今年度、仕切り直しということで前述の会のこともあり、大いに発奮して今度こそはと息巻いていました。しかし、立派な車道ができた現代は、かつて人々が徒歩で歩き回った里山、それを囲むようにあった里の小道、あるいはその里と隣の里を結んだ道が、車の通れる幅のある道を除いて、ほぼ道なき道になってしまって、半分、原野として又は杉林としてその中に埋没してしまっているのです。今回も踏査行は困難を極めました。かつて至る所にあったお伊勢様に参りに行った高江の人達は山の神・大将軍の祠のある小高い丘まで戻り、一休みをして、弁当を食べたりして、山の神・大将軍の祠に手を合わせてからそれぞれの家に帰って行ったそうです。私は今回、二回程、高江から麻生原の間の山林を彷徨して感じたことは至る所に昔の人々が歩き回った道らしきものや、道だったところ、何かの神社の境内に続くかのような石垣などが残っていて、里の山々とはこんな風にあって、里人の歩く音や人々の声が聞こえてくるような気がしたことでした。今は暗い杉林が多く、当時の面影からは程遠い景色なんでしょうが。今は昔、豊かで活気のある山村、里の秋、村祭り、次から次へと私の心の中でイメージが湧いてきたその瞬間、遂に大きなクヌギの木が霞の中から二つの祠と共に抜け出たように静かに、しかし強烈に目に入ってきました。私はオ~~と思わず大きな声を上げていました。その時、私は私がクヌギを探し求めていたようにクヌギの方でも人間をかなりの時間、待っていたのではないかと何故か思ったのです。
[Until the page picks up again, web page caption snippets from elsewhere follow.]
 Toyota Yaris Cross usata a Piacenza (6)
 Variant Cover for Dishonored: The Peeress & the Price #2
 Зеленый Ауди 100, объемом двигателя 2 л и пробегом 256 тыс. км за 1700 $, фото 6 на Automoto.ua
「しばらくじゃないか、お前たちが最後に来てからどれだけの時間が流れたのだろう…待っていたんだ、…でもおそかった…」私は涙が出てきてしかたなかったのです。
私たちは随分変わった。里山を歩かなくなって山は見る影もなく荒れていった。立派な車道を車で動き回るのみの日々。効率的に、合理的に、人々は生き方を変えてきた。庚申塔としての猿田彦、山の神様(女神様らしい)、牛馬の守護神としての大将軍、昔の人々が祈りを捧げたあの道この道のたくさんの祠や石造物が暗い山の中で今でも二度と来ぬだろう人々を待っているのか。